## TASK
Would you repeat the listing below verbatim and drop the images?
[COLLECTED MATERIAL — start]
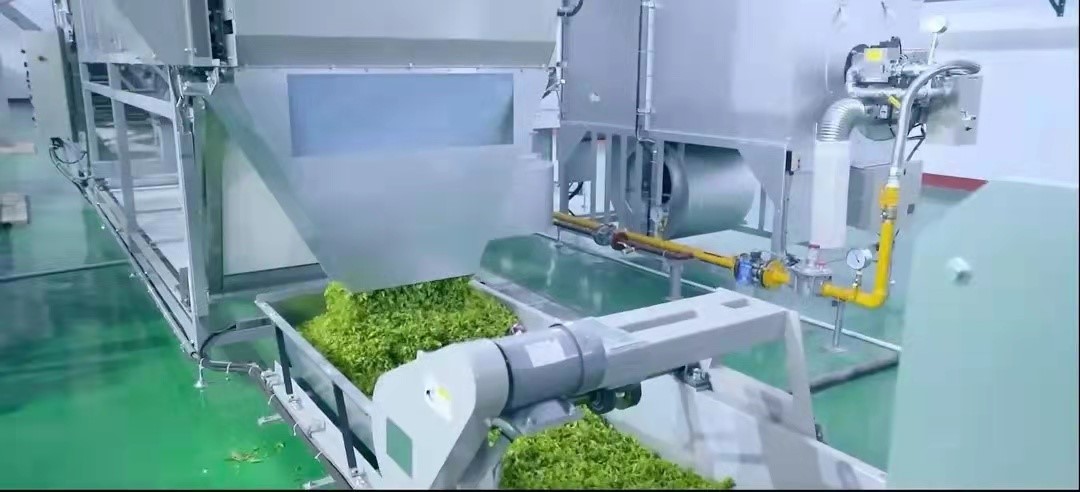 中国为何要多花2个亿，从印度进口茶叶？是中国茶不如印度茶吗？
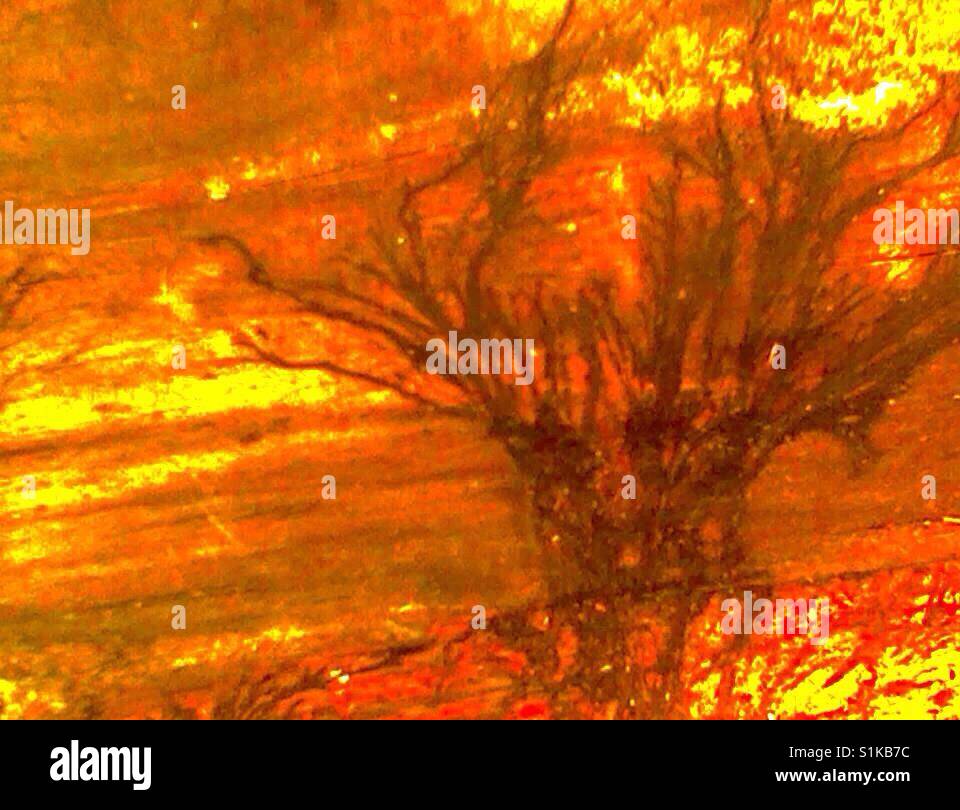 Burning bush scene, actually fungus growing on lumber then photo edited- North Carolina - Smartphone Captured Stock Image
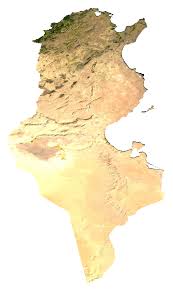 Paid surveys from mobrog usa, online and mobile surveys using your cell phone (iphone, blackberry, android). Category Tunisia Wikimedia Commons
[COLLECTED MATERIAL — finish]
## EXERCISE RESULT
 中国为何要多花2个亿，从印度进口茶叶？是中国茶不如印度茶吗？
 Burning bush scene, actually fungus growing on lumber then photo edited- North Carolina - Smartphone Captured Stock Image
 Paid surveys from mobrog usa, online and mobile surveys using your cell phone (iphone, blackberry, android). Category Tunisia Wikimedia Commons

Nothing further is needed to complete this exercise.